* _Data segment_:

----------------

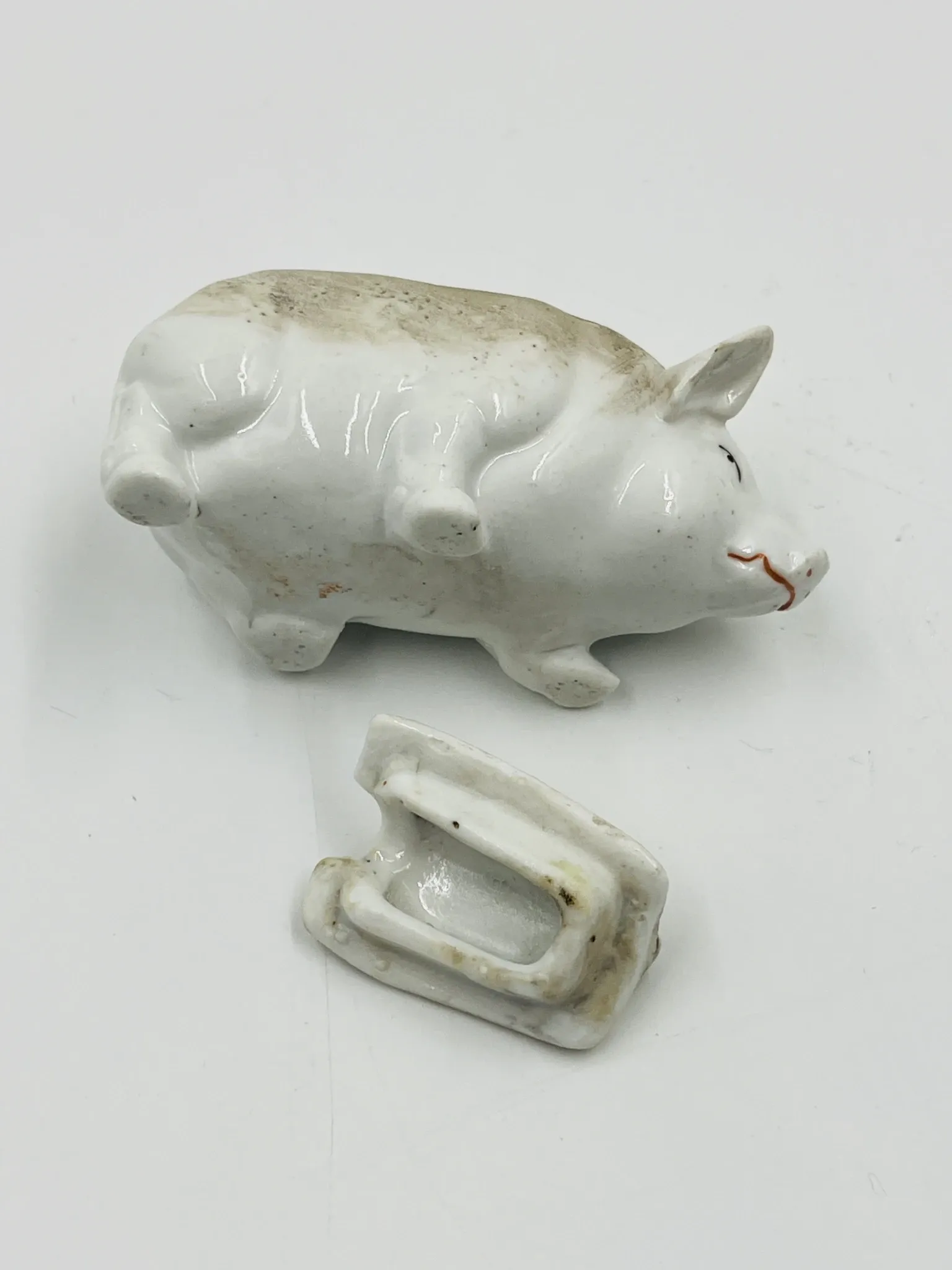 Vintage mustard pot in porcelain shaped like a pig.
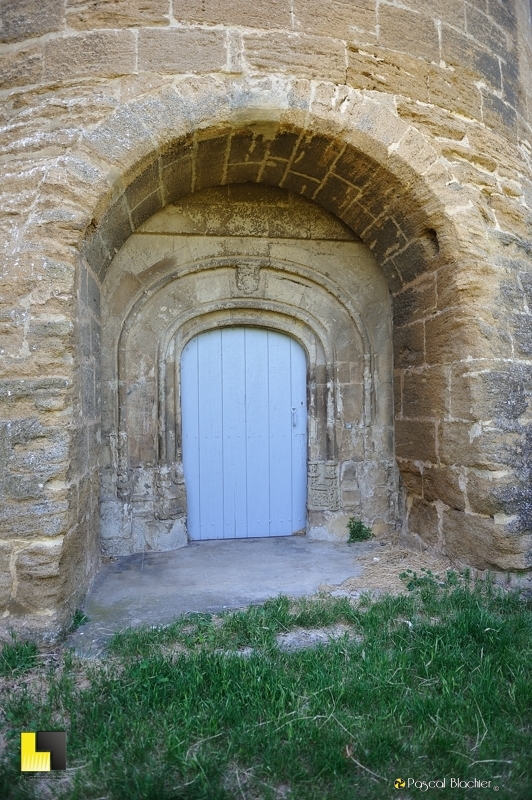 porte d'accès au château de suze la rousse en cas d'attaque photo pascal blachier porte d'accès au château de suze la rousse en cas d'attaque photo blachier pascal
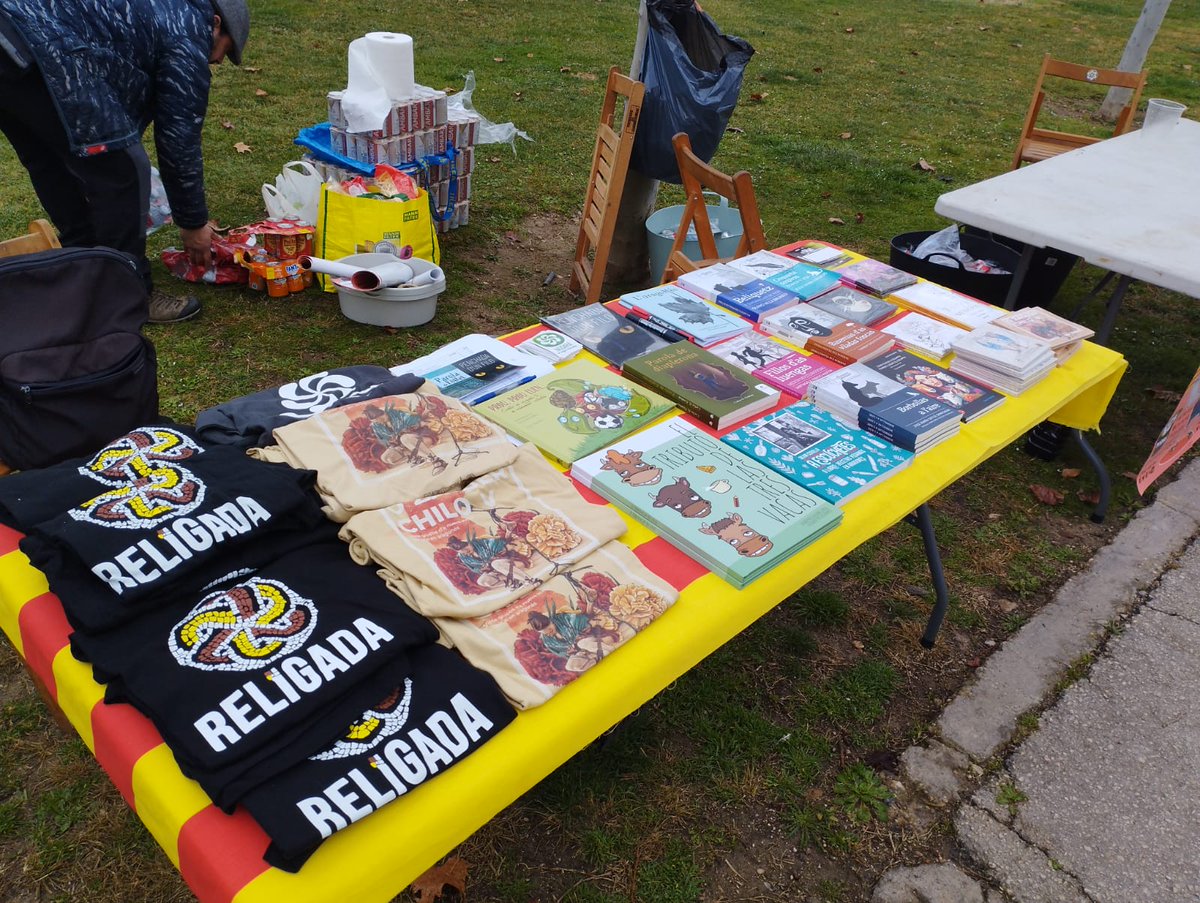 🎆 Muitas gracias a todas y toz os que tos pasez lo miercols por la nuestra paradeta en a #5marzada
📚 Chent, buenos charrazos, material y sozialización en #aragonés en un día perfecto de fiesta y reivindicación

----------------

Find the line with "photo blachier pascal". Return it and each line after it through the end of the data, exactly, without pictures.

 porte d'accès au château de suze la rousse en cas d'attaque photo pascal blachier porte d'accès au château de suze la rousse en cas d'attaque photo blachier pascal
 🎆 Muitas gracias a todas y toz os que tos pasez lo miercols por la nuestra paradeta en a #5marzada
📚 Chent, buenos charrazos, material y sozialización en #aragonés en un día perfecto de fiesta y reivindicación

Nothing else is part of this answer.